● **MATERIAL PROVIDED**:

╔══

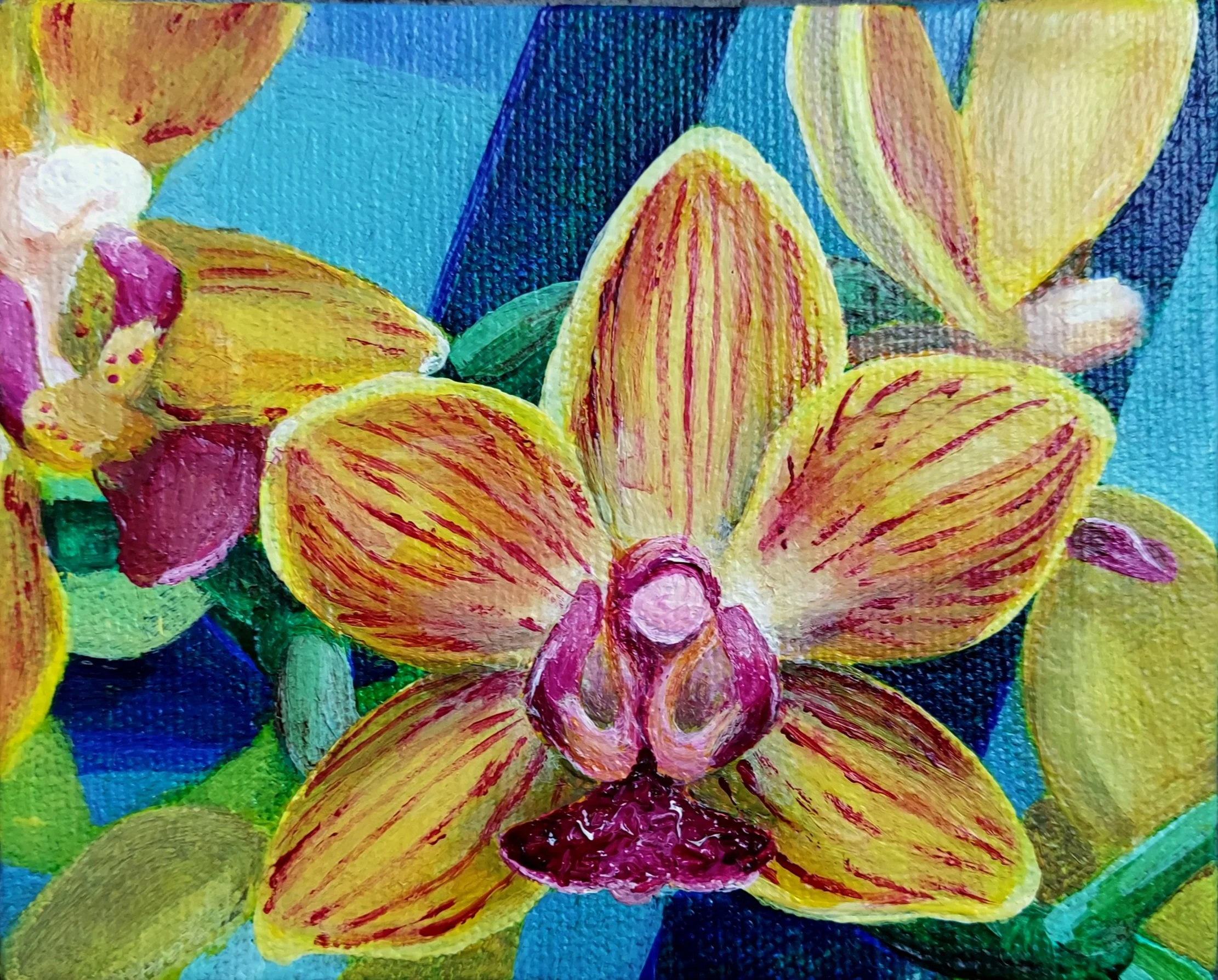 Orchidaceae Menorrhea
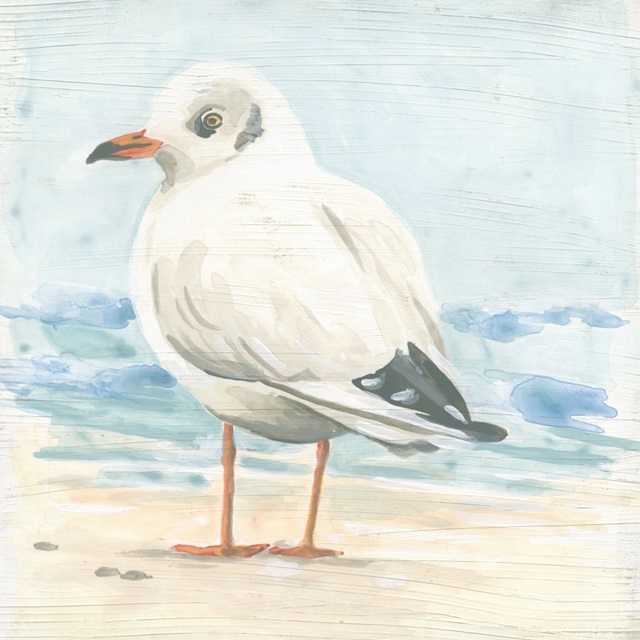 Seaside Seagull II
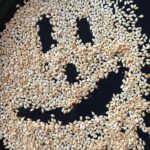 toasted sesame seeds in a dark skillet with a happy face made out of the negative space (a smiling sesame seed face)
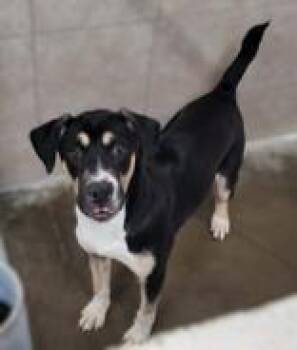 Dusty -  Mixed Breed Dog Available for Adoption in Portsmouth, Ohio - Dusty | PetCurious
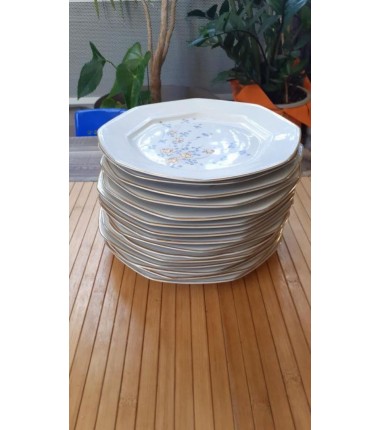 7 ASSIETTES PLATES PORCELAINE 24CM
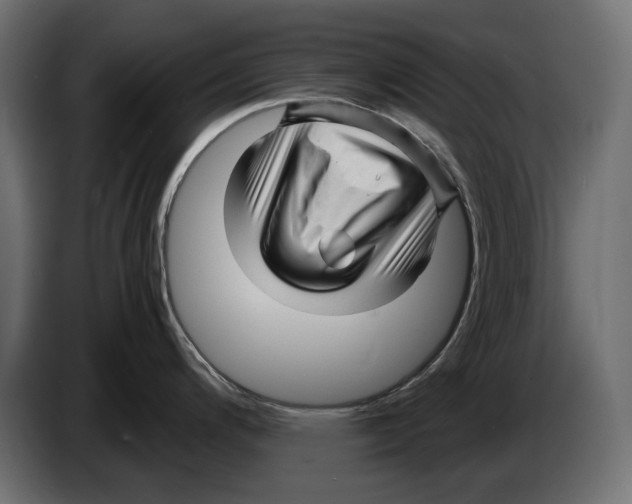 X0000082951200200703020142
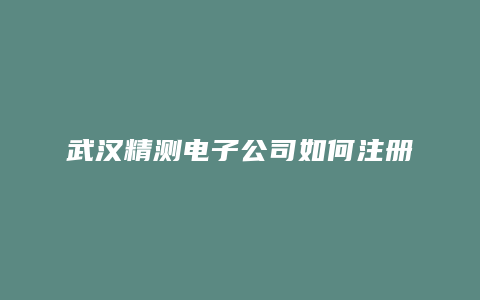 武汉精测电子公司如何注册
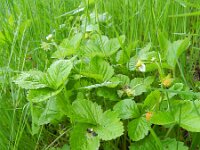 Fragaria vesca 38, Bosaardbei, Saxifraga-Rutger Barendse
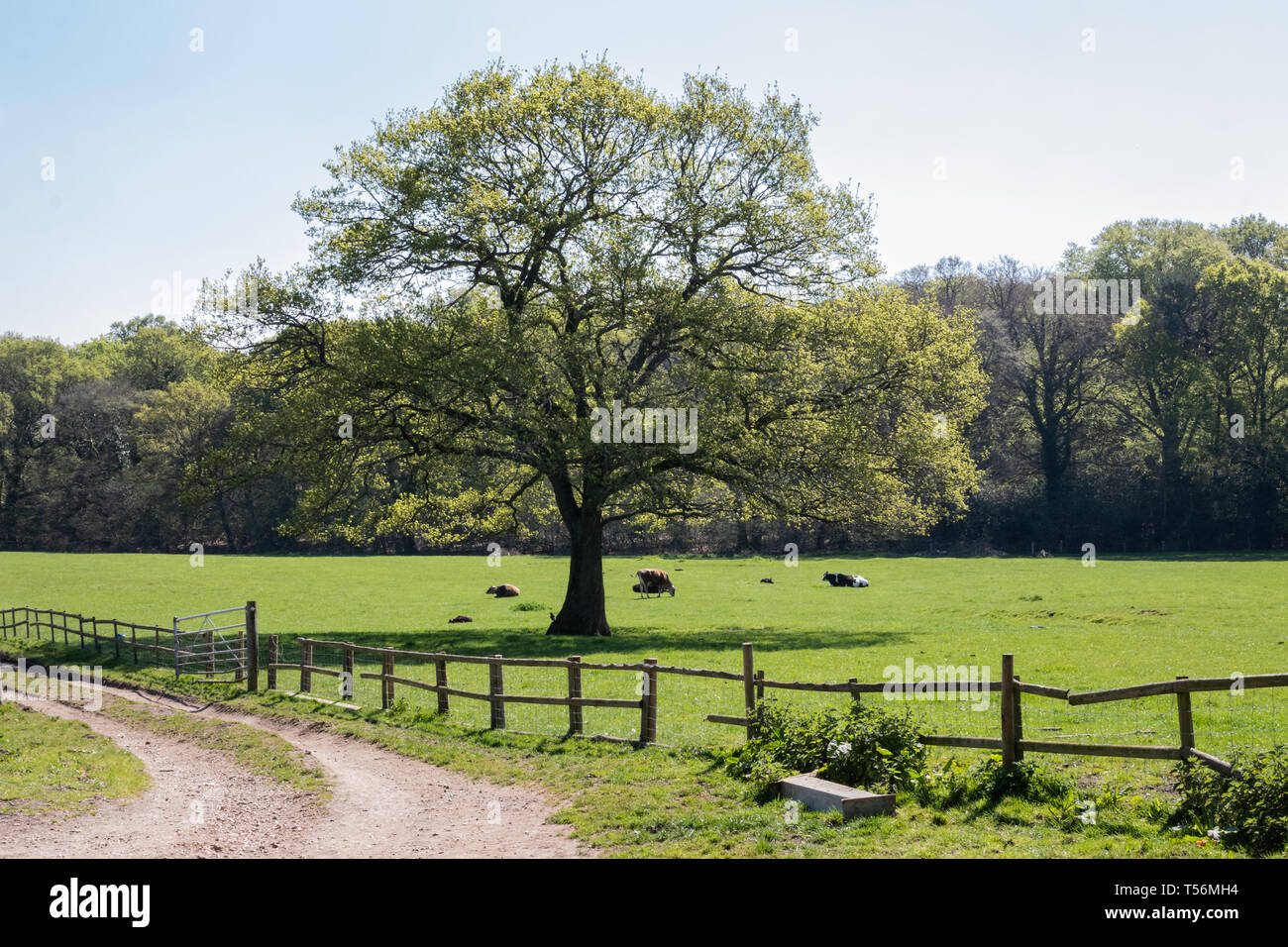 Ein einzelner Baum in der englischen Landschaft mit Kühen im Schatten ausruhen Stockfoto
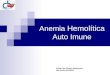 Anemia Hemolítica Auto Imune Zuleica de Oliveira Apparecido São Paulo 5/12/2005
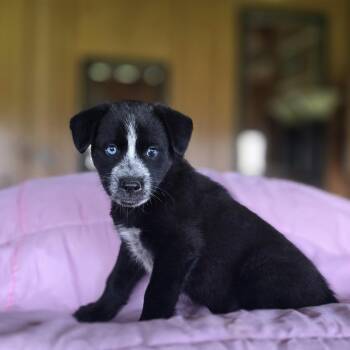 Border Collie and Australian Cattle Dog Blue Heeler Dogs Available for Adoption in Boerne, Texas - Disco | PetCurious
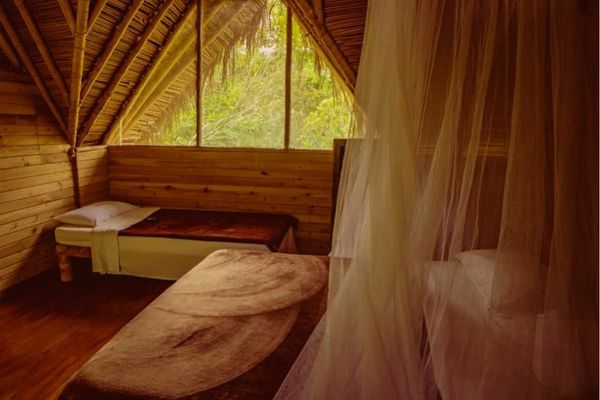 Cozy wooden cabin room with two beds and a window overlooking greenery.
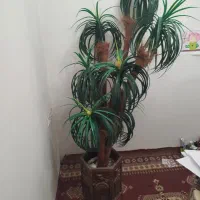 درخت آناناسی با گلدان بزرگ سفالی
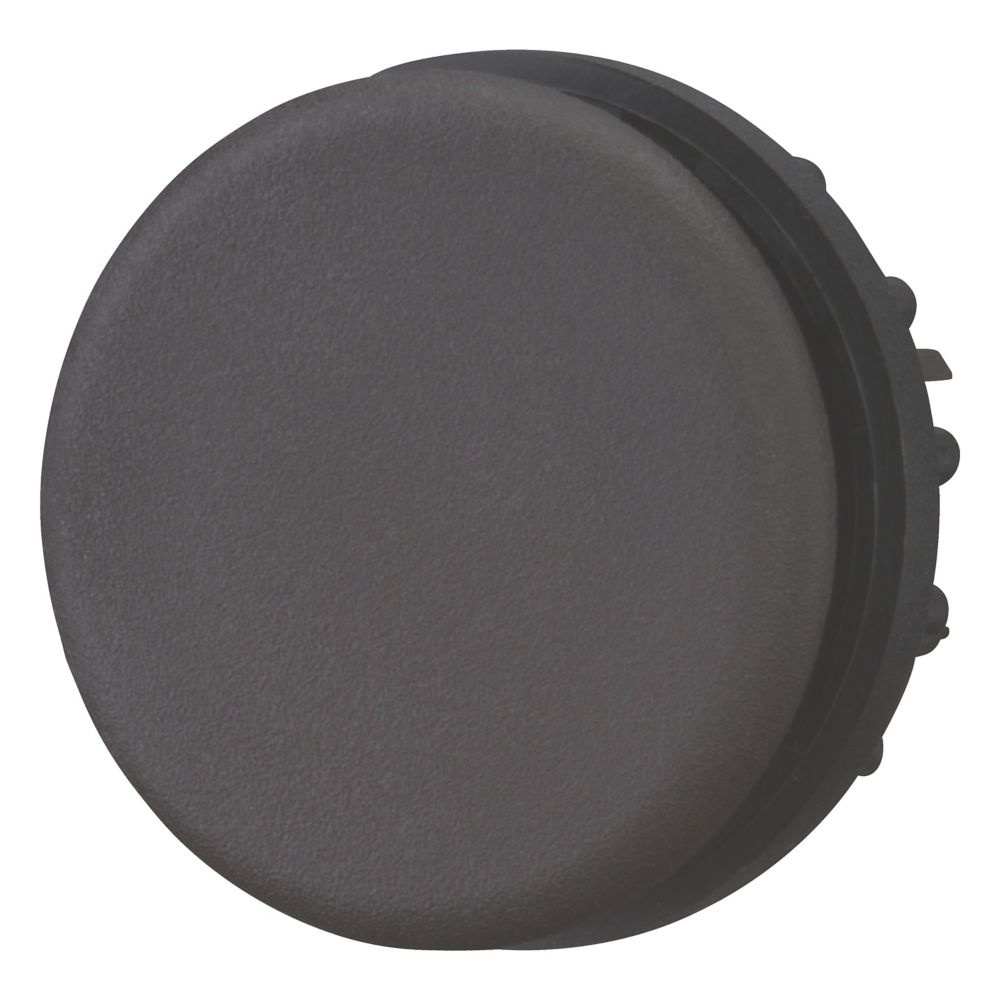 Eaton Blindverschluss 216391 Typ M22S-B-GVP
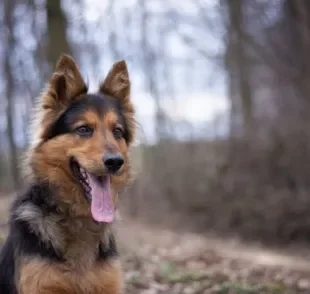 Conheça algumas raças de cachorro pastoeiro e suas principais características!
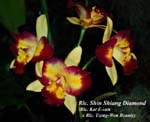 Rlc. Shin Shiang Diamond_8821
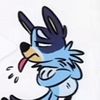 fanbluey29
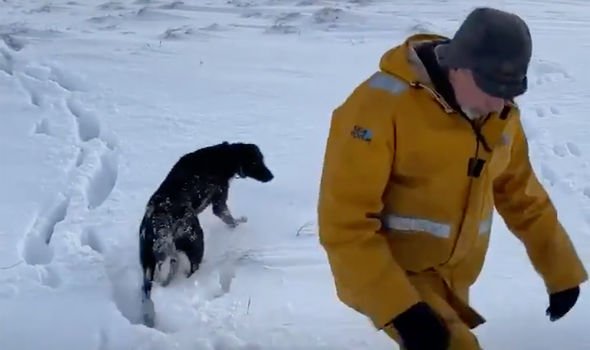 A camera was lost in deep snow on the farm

╚══

● **EXERCISE REQUIREMENTS**:
Set the entries down exactly, but not the pictures.

● **TASK RESULT**:
 Orchidaceae Menorrhea
 Seaside Seagull II
 toasted sesame seeds in a dark skillet with a happy face made out of the negative space (a smiling sesame seed face)
 Dusty -  Mixed Breed Dog Available for Adoption in Portsmouth, Ohio - Dusty | PetCurious
 7 ASSIETTES PLATES PORCELAINE 24CM
 X0000082951200200703020142
 武汉精测电子公司如何注册
 Fragaria vesca 38, Bosaardbei, Saxifraga-Rutger Barendse
 Ein einzelner Baum in der englischen Landschaft mit Kühen im Schatten ausruhen Stockfoto
 Anemia Hemolítica Auto Imune Zuleica de Oliveira Apparecido São Paulo 5/12/2005
 Border Collie and Australian Cattle Dog Blue Heeler Dogs Available for Adoption in Boerne, Texas - Disco | PetCurious
 Cozy wooden cabin room with two beds and a window overlooking greenery.
 درخت آناناسی با گلدان بزرگ سفالی
 Eaton Blindverschluss 216391 Typ M22S-B-GVP
 Conheça algumas raças de cachorro pastoeiro e suas principais características!
 Rlc. Shin Shiang Diamond_8821
 fanbluey29
 A camera was lost in deep snow on the farm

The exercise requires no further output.